#### DATASET RECORDS
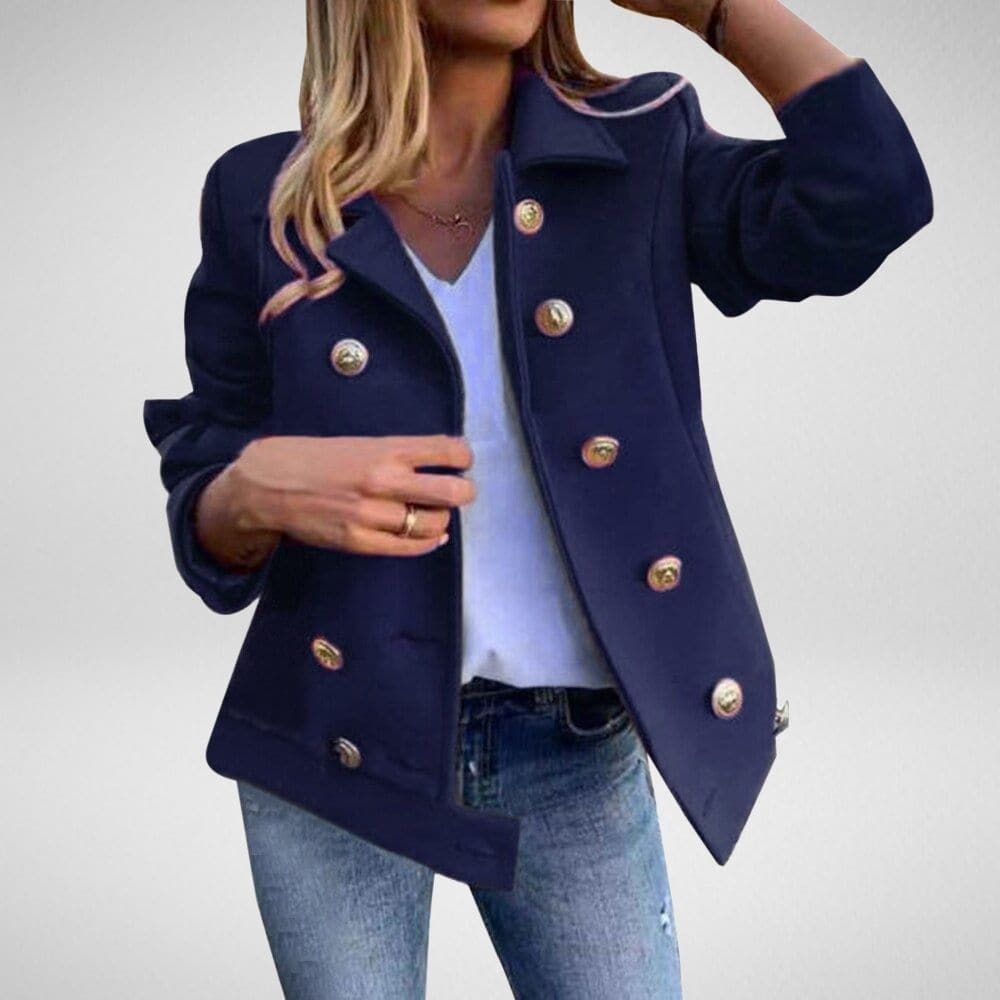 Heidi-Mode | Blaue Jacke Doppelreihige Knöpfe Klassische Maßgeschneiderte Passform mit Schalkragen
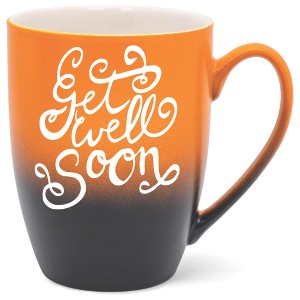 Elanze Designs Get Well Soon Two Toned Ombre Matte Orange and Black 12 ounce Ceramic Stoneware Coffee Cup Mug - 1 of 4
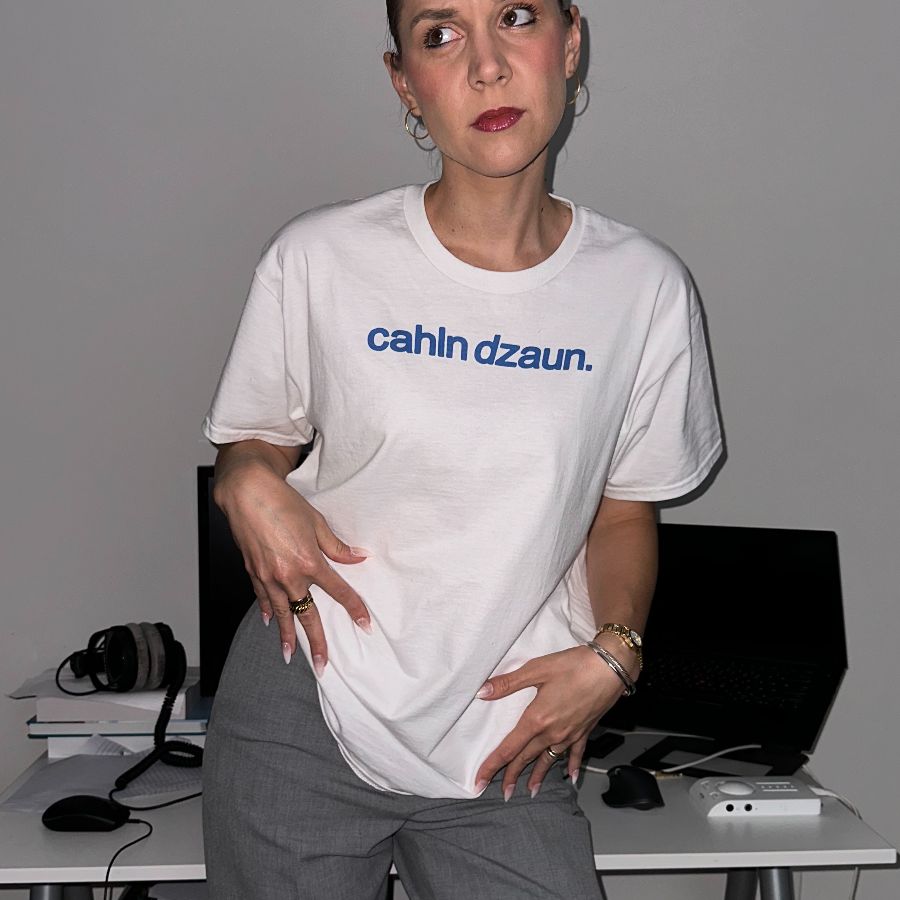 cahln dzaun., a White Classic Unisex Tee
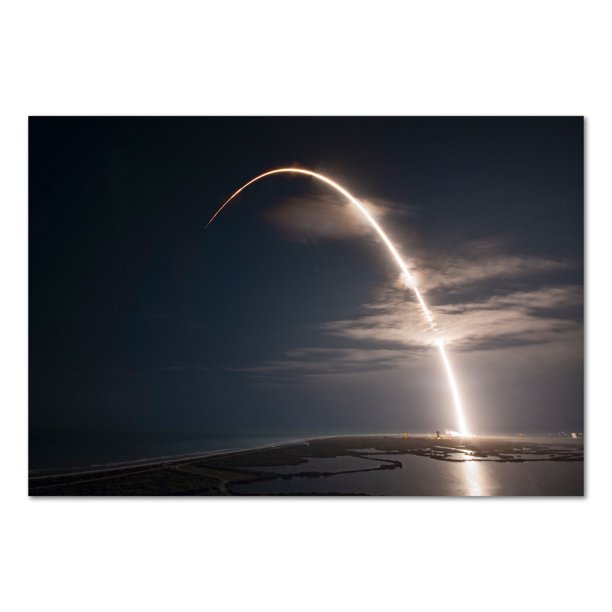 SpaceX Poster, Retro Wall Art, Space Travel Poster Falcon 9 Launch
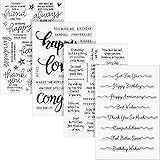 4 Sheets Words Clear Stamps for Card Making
########
→ WHAT THE TASK ASKS: Each line from the line containing "cahln dzaun., a White Classic Unisex Tee" through the last line above must be written out exactly, and every picture must be omitted.

→ EXERCISE RESULT:
 cahln dzaun., a White Classic Unisex Tee
 SpaceX Poster, Retro Wall Art, Space Travel Poster Falcon 9 Launch
 4 Sheets Words Clear Stamps for Card Making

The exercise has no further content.